QCM : Introduction aux troubles de la personnalité — 18 questions

Questions et réponses du QCM

1. Quelle formulation décrit le mieux la personnalité ?

Un ensemble fixe de comportements appris dans l’enfance
Une simple somme de réflexes et d’habitudes sociales
Une organisation exclusivement émotionnelle de l’individu
Une intégration dynamique des composantes cognitives, pulsionnelles et émotionnelles

Une intégration dynamique des composantes cognitives, pulsionnelles et émotionnelles

Explication

La personnalité est définie comme l’intégration dynamique des composantes cognitives, pulsionnelles et émotionnelles.
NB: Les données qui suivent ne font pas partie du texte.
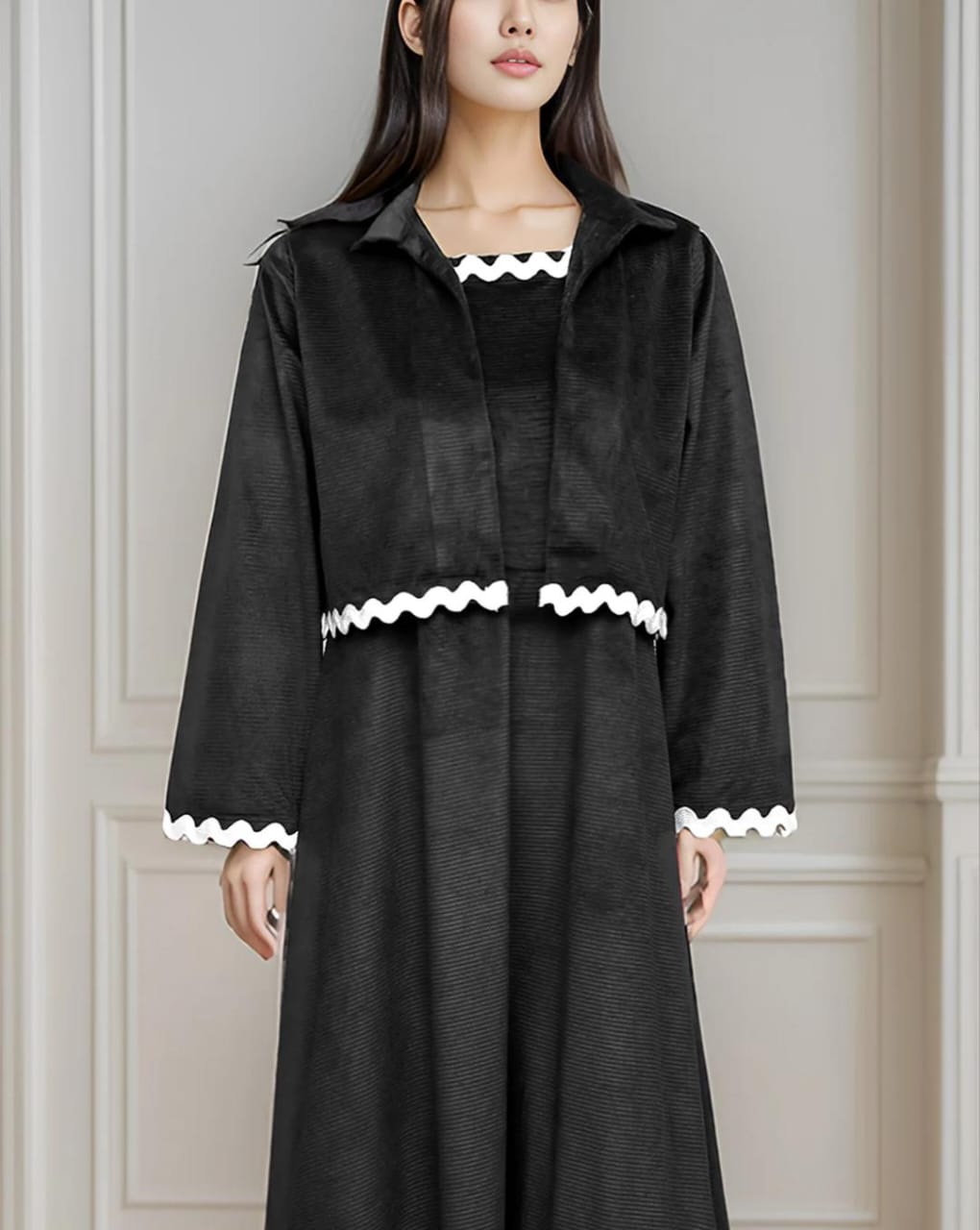 Elegant Berry Velvet Midi Dress with Contrast Trim Jacket Set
Les autres propositions réduisent la personnalité à un seul aspect ou à un simple cumul d’habitudes.

2. Quel énoncé caractérise le mieux les traits de personnalité ?

Des capacités intellectuelles mesurables par les tests cognitifs
Des modalités relationnelles et des façons de percevoir le monde et de se penser
Des symptômes transitoires apparaissant uniquement en période de stress
Des réactions biologiques identiques chez tous les individus

Des modalités relationnelles et des façons de percevoir le monde et de se penser

Explication

Les traits de personnalité renvoient aux manières de relationner et de percevoir le monde et soi-même. Ils ne se limitent ni à des symptômes passagers ni à l’intelligence.

3. Dans ce cadre, quand une personnalité devient-elle pathologique ?

Lorsqu’elle se rigidifie et entraîne des réponses inadaptées aux situations
Lorsqu’elle varie selon les contextes sans difficulté particulière
Lorsqu’elle devient simplement plus expressive émotionnellement
Lorsqu’elle se confond avec un trait de caractère isolé

Lorsqu’elle se rigidifie et entraîne des réponses inadaptées aux situations

Explication

La pathologie apparaît quand la rigidité de fonctionnement produit des réponses inadaptées. Une simple variation contextuelle n’est pas en elle-même pathologique.

4. Quelle différence correspond le mieux à l’opposition entre approche dimensionnelle et catégorielle ?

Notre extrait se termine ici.